*** Opening of Data extract ***

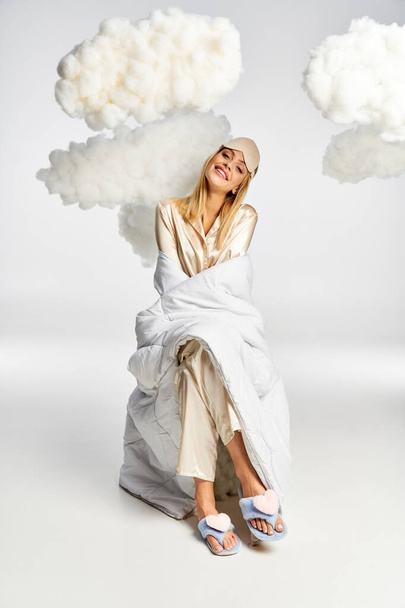 A dreamy blonde woman in cozy pajamas sits peacefully amid fluffy clouds. - Zdjęcie, obraz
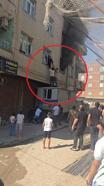 Yangında mahsur kalan kadını konteynerin üzerine çıkarak kurtardılar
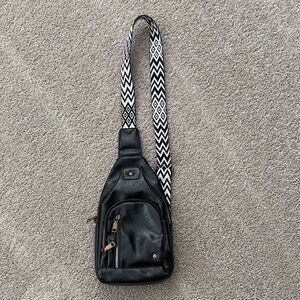 Black Woman’s Crossbody Sling Bag with Patterned Strap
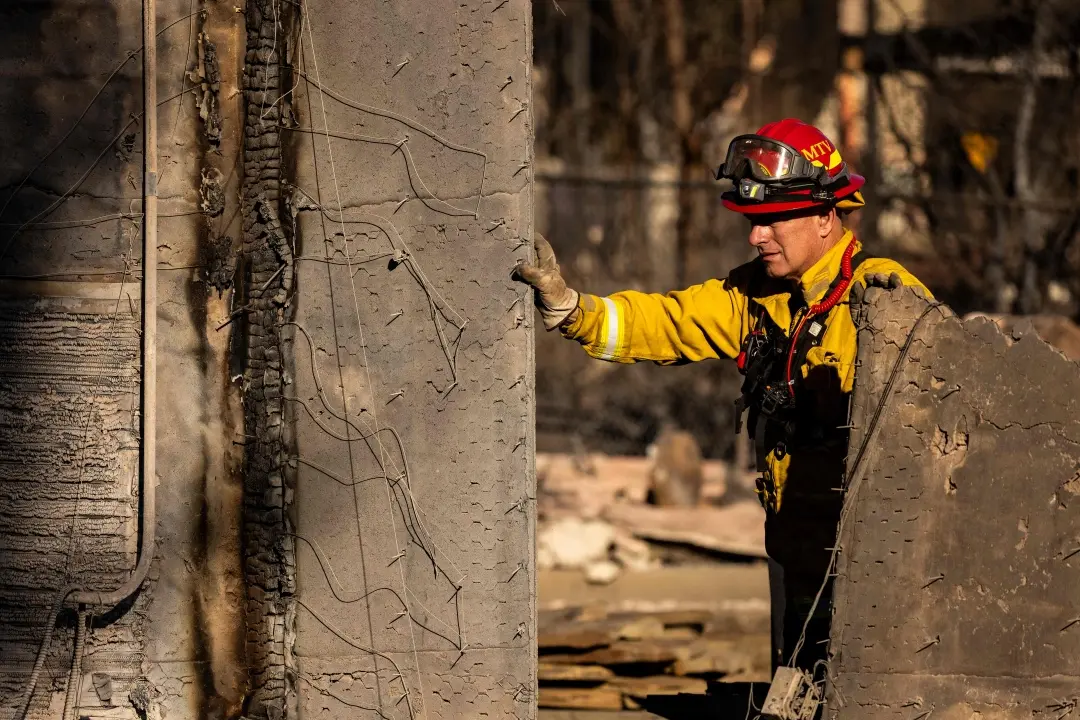 A firefighter walks among the remains of a house reduced to rubble by the Eaton Fire during search and rescue operations in Altadena, California | Photo: AFP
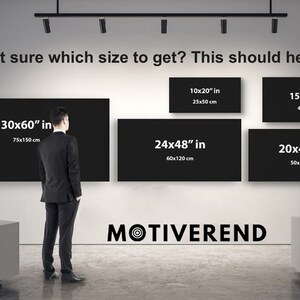 May include: An image showing a man in a suit standing in front of a wall with several black rectangular canvases of varying sizes. The canvases are labeled with their dimensions in inches and centimeters, including 30x60" (75x150 cm). The text "Not sure which size to get? This should help." is at the top.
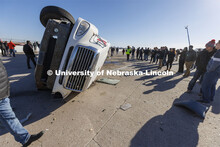 Researchers and invited guests look over the tanker following the crash test. Researchers from the M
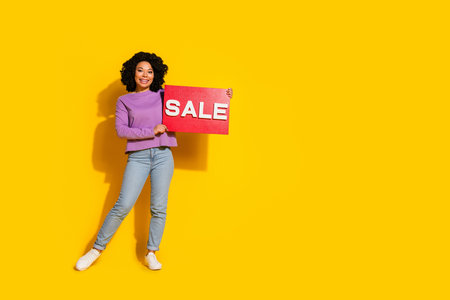 Full length photo of pretty young woman hold sale poster empty space isolated on yellow color backgroundの写真素材
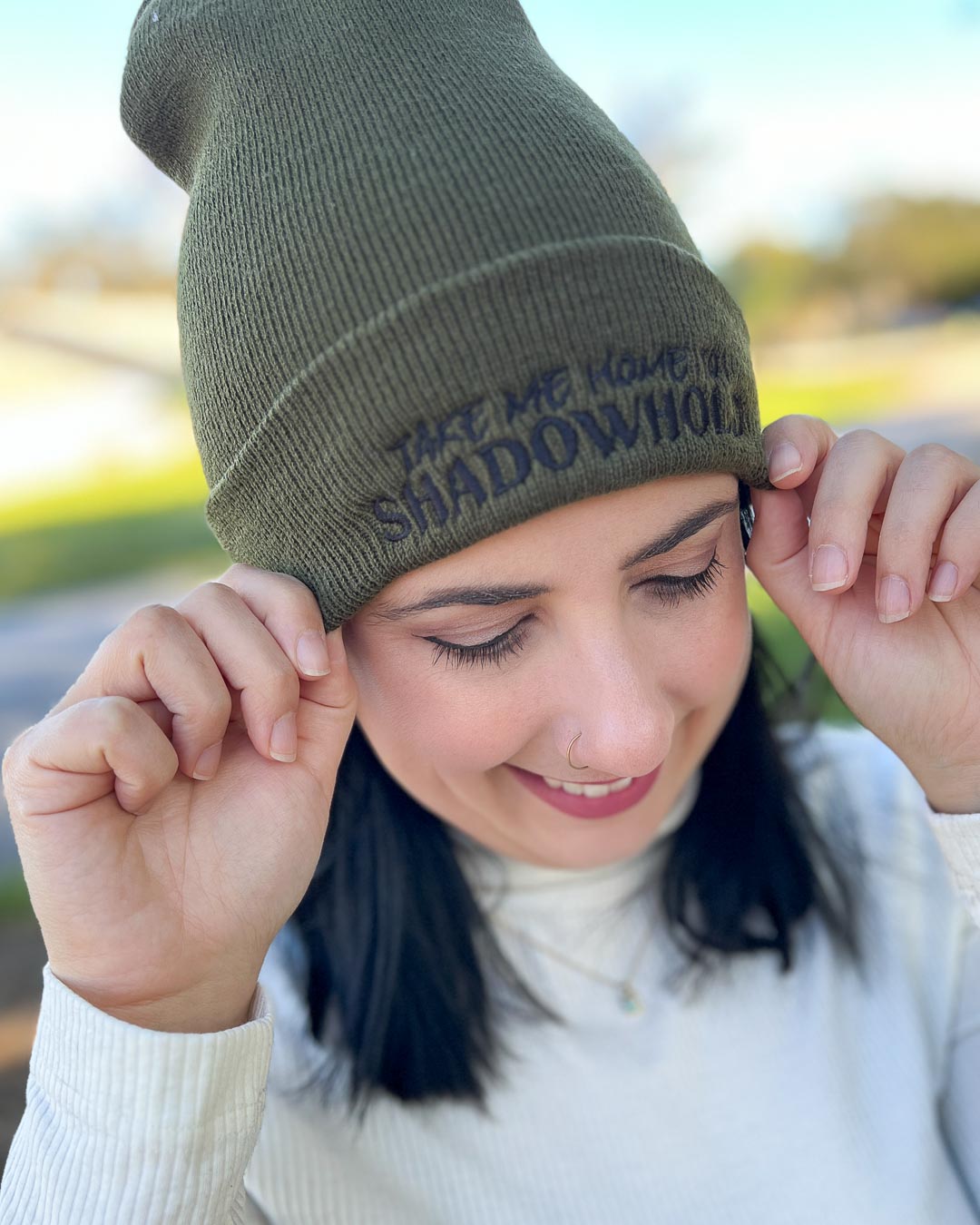 The Sacred Stones beanie designed with the text &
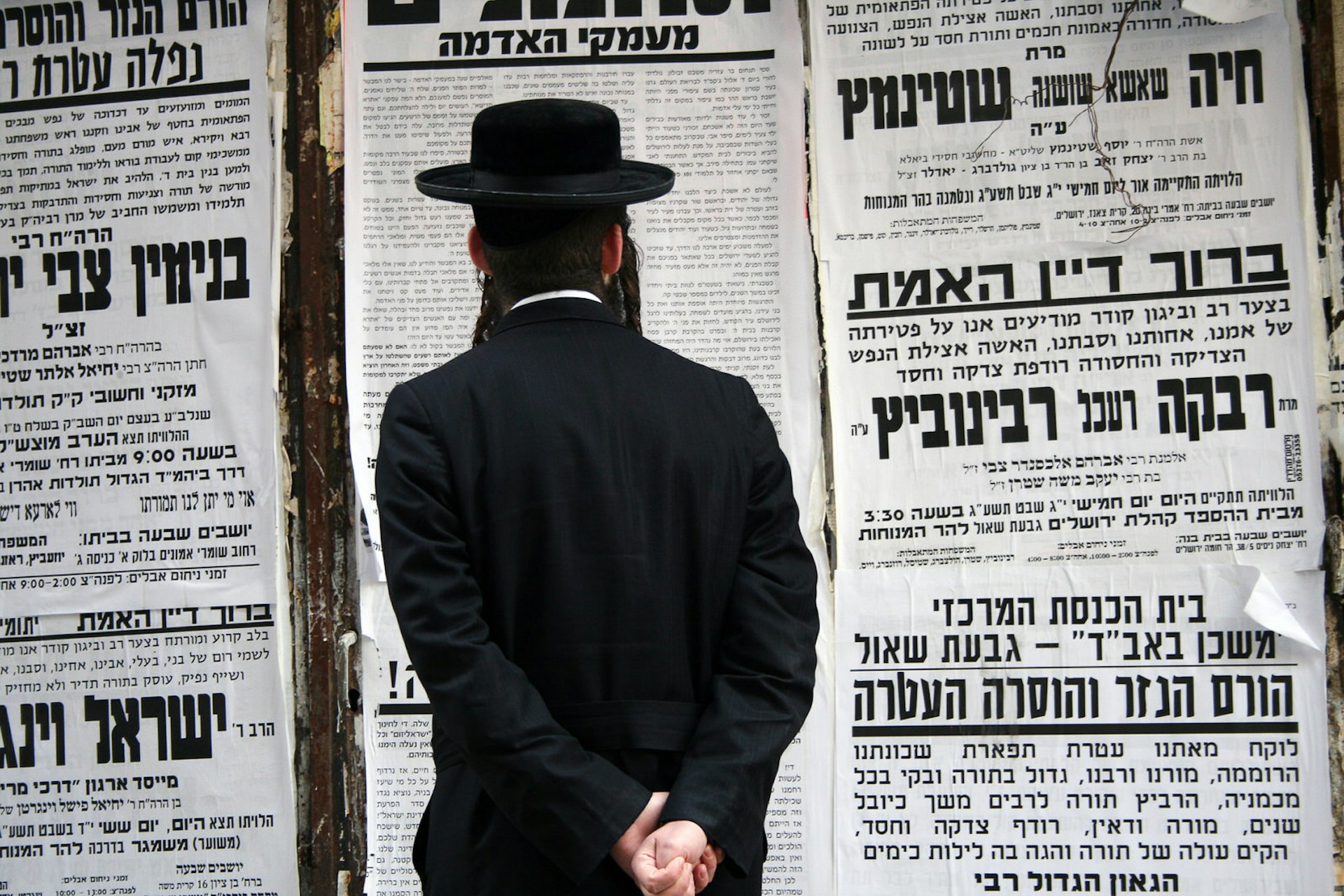 Man dressed in traditional clothing stands reading on the street in the ultra-orthodox area of Jerusalem, Mea Shearim 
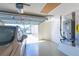 This garage features speckled epoxy floors, a vehicle, and a workspace with built-in storage and mechanics at 1954 Ladyfish Ave, The Villages, FL 32162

*** Close of Data extract ***

_What the exercise asks_
Retype each entry exactly. No pictures.

_Your solution_
 A dreamy blonde woman in cozy pajamas sits peacefully amid fluffy clouds. - Zdjęcie, obraz
 Yangında mahsur kalan kadını konteynerin üzerine çıkarak kurtardılar
 Black Woman’s Crossbody Sling Bag with Patterned Strap
 A firefighter walks among the remains of a house reduced to rubble by the Eaton Fire during search and rescue operations in Altadena, California | Photo: AFP
 May include: An image showing a man in a suit standing in front of a wall with several black rectangular canvases of varying sizes. The canvases are labeled with their dimensions in inches and centimeters, including 30x60" (75x150 cm). The text "Not sure which size to get? This should help." is at the top.
 Researchers and invited guests look over the tanker following the crash test. Researchers from the M
 Full length photo of pretty young woman hold sale poster empty space isolated on yellow color backgroundの写真素材
 The Sacred Stones beanie designed with the text &
 Man dressed in traditional clothing stands reading on the street in the ultra-orthodox area of Jerusalem, Mea Shearim 
 This garage features speckled epoxy floors, a vehicle, and a workspace with built-in storage and mechanics at 1954 Ladyfish Ave, The Villages, FL 32162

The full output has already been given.